Elisa Shua Dusapin's debut novel, Winter in Sockcho (2016, tr. 2020) has won some attention some awards including National Book Award, lit in tro. tr Aneesa Abbas Higgins, from the Korean) but I guess I am not the right reader for this very short book, barely a novel - congratulations to anyone finishing/publishing his/her/their first novel, but really what’s happening in this one other than a few snapshots of contemporary life in South Korea (at the border with NK, in fact) and much mention of exotica concerning Korean food and diet? Transpose this novel, to, say, Oklahoma City, and it would get no notice or attention, I believe. The main problem - and I didn’t quite finish reading the work, so pardon me - is that nothing happens. The story line such as it is: A Korean woman working house at the front office a small hotel becomes friendly with one of the guests, a cartoon artist from France. They go on a few excursions, including highly controlled tour of NK - but no encounter leads to anything. I won’t belabor this point any longer, but have to note that the most notable feature of the writing is a scorn for complete sentences - which makes the novel feel static and flat, kind of like a gigantic text message. I’m sorry, I have some sympathy for all debut novelists, but ESD doesn’t really need my sympathy or support; she has obviously found her readership, and I step aside and recognize that not all books are for all readers.

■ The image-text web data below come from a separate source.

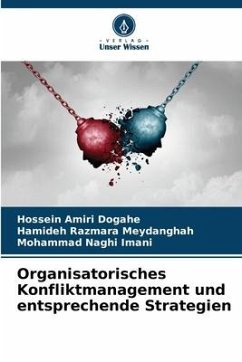 Organisatorisches Konfliktmanagement und entsprechende Strategien - Amiri Dogahe, Hossein;Meydanghah, Hamideh Razmara;Imani, Mohammad Naghi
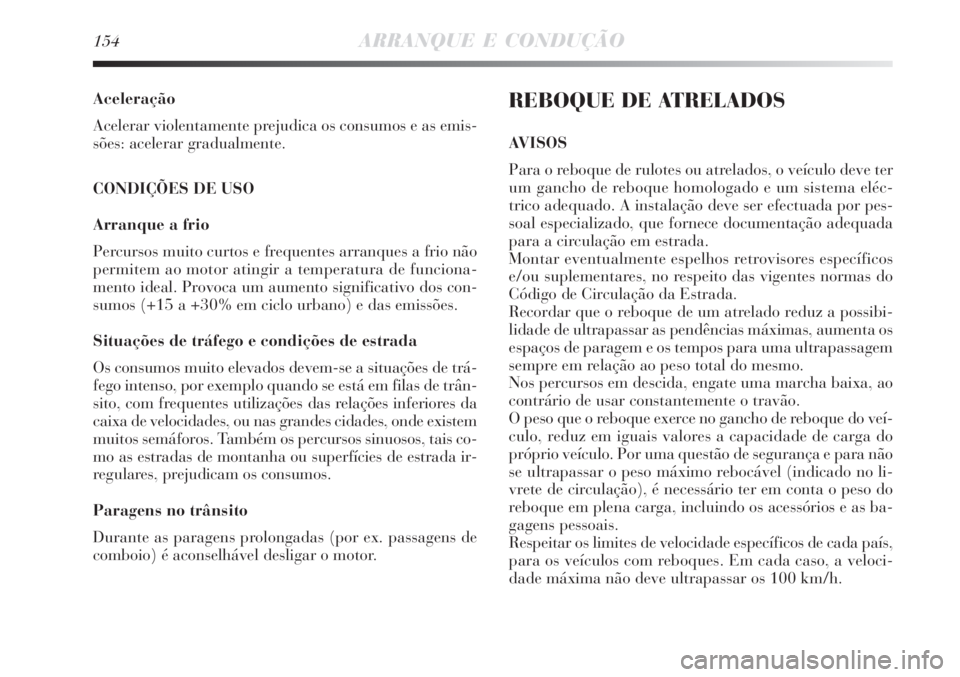 Lancia Delta 2008 Manual de Uso e Manutenção (in Portuguese) 154ARRANQUE E CONDUÇÃO
Aceleração
Acelerar violentamente prejudica os consumos e as emis-
sões: acelerar gradualmente.
CONDIÇÕES DE USO
Arranque a frio
Percursos muito curtos e frequentes arran Lancia Delta 2008 Manual de Uso e Manutenção (in Portuguese) 154ARRANQUE E CONDUÇÃO
Aceleração
Acelerar violentamente prejudica os consumos e as emis-
sões: acelerar gradualmente.
CONDIÇÕES DE USO
Arranque a frio
Percursos muito curtos e frequentes arran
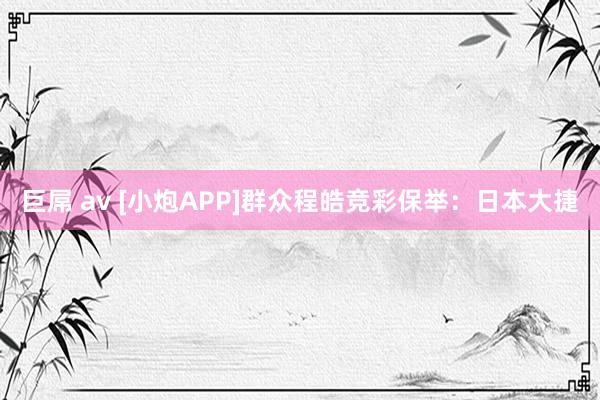 巨屌 av [小炮APP]群众程皓竞彩保举：日本大捷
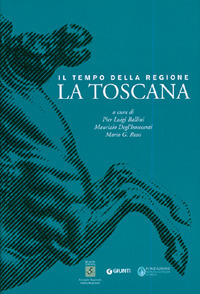 Il tempo della Regione. La Toscana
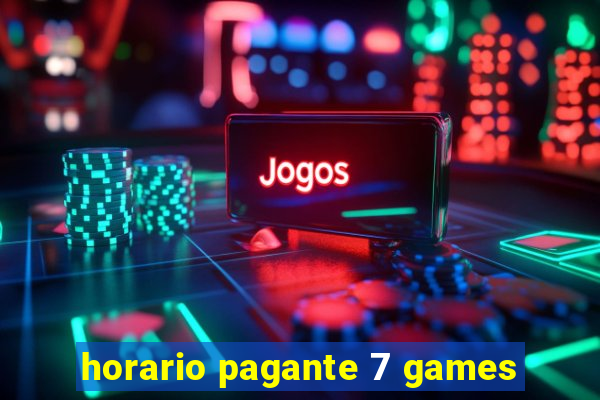 horario pagante 7 games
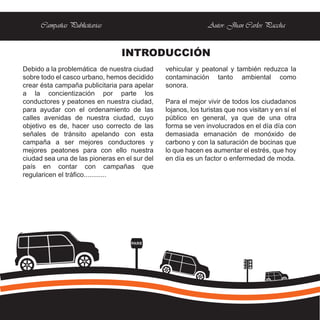 Campañas Publicitarias                                  Autor: Jhan Carlos Paccha


                                 INTRODUCCIÓN
Debido a la problemática de nuestra ciudad     vehicular y peatonal y también reduzca la
sobre todo el casco urbano, hemos decidido     contaminación tanto ambiental como
crear ésta campaña publicitaria para apelar    sonora.
a la concientización por parte los
conductores y peatones en nuestra ciudad,      Para el mejor vivir de todos los ciudadanos
para ayudar con el ordenamiento de las         lojanos, los turistas que nos visitan y en sí el
calles avenidas de nuestra ciudad, cuyo        público en general, ya que de una otra
objetivo es de, hacer uso correcto de las      forma se ven involucrados en el día día con
señales de tránsito apelando con esta          demasiada emanación de monóxido de
campaña a ser mejores conductores y            carbono y con la saturación de bocinas que
mejores peatones para con ello nuestra         lo que hacen es aumentar el estrés, que hoy
ciudad sea una de las pioneras en el sur del   en día es un factor o enfermedad de moda.
país en contar con campañas que
regularicen el tráfico............




                                    PARE
 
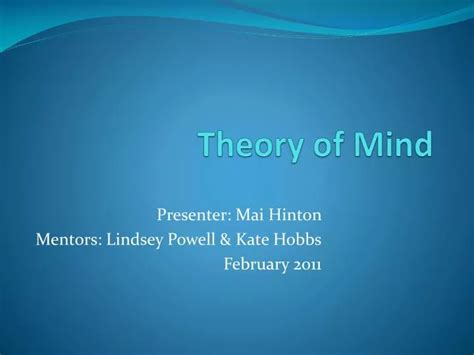 PPT - Theory of Mind PowerPoint Presentation, free download - ID:2441819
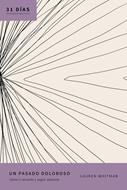 Un Pasado Doloroso - 31 Días: Devocionales Para la Vida (Rústica) [Libro]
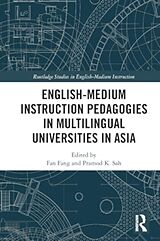 Couverture cartonnée English-Medium Instruction Pedagogies in Multilingual Universities in Asia de Fan (Shantou University, China) Sah, Pramod Fang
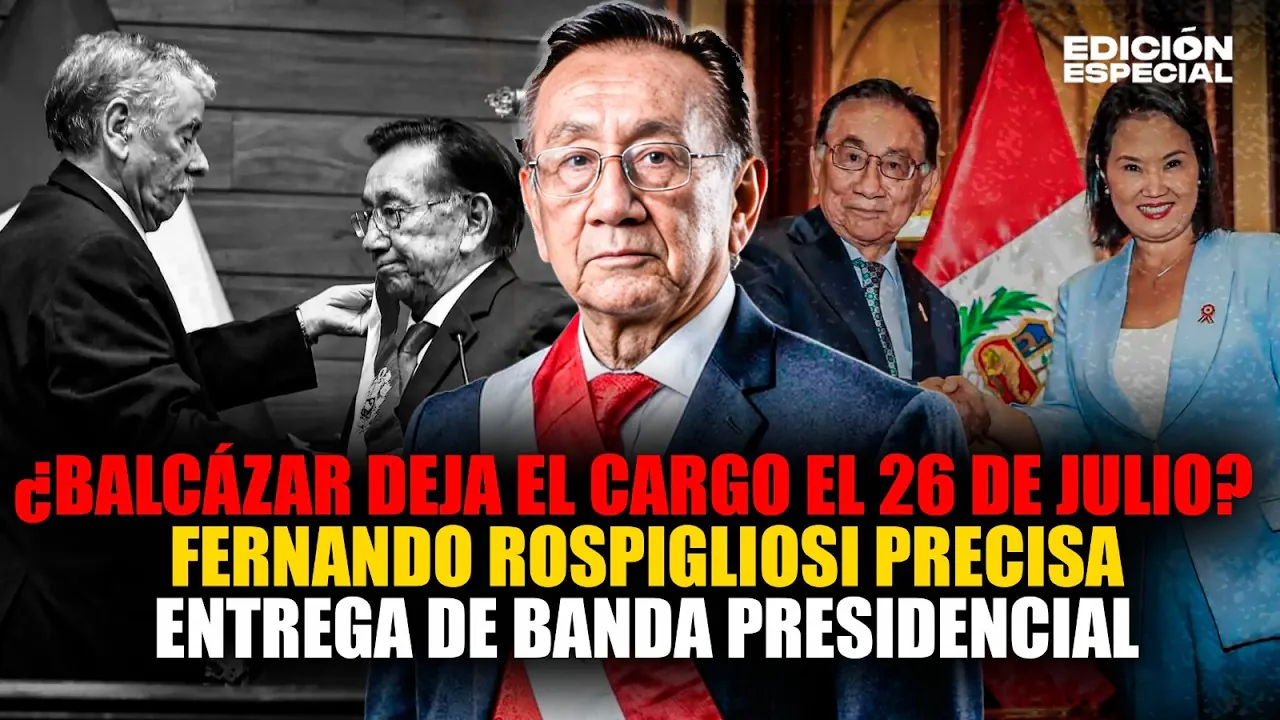 Reproducir: #EnVivo ¿Balcázar deja el cargo el 26? Rospigliosi precisa nueva entrega de banda presidencial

I liked a lot of things about Greg Jackson’s story in current New Yorker, The Hollow, in particular how he sketches in and then develops an unusual character, in this case a young man who is a football player in college, named Jonah Valente but who also has a# of monikers, who give up football to pursue a passion and a career as an artist, in thrall to Van Gogh and Picasso. We don’t understand much about this character at first - and we learn of him, in fact of the whole story, from a distant first-person narrator - he seems to be one of the crowd of students but has no distinct personality of definition of his own - and we follow this student and one of his friends into the post-college years, where Jonah seems to lose his bearings and his friend, after initial marital and career troubles, seems to have found solid ground. In other words, there’s a lot packed into this story, which I admire, but it does feel like a novel waiting to be born, as we end up not with a bang but a whimper and still wondering about Jonah and his fate. That may be good - too many stories just end like a wisp of smoke - but I felt at the end as if this was a pretty long piece that didn’t bring me anywhere, not anywhere near a conclusion at least. Still, a nice accomplishment and a young writer worth watching.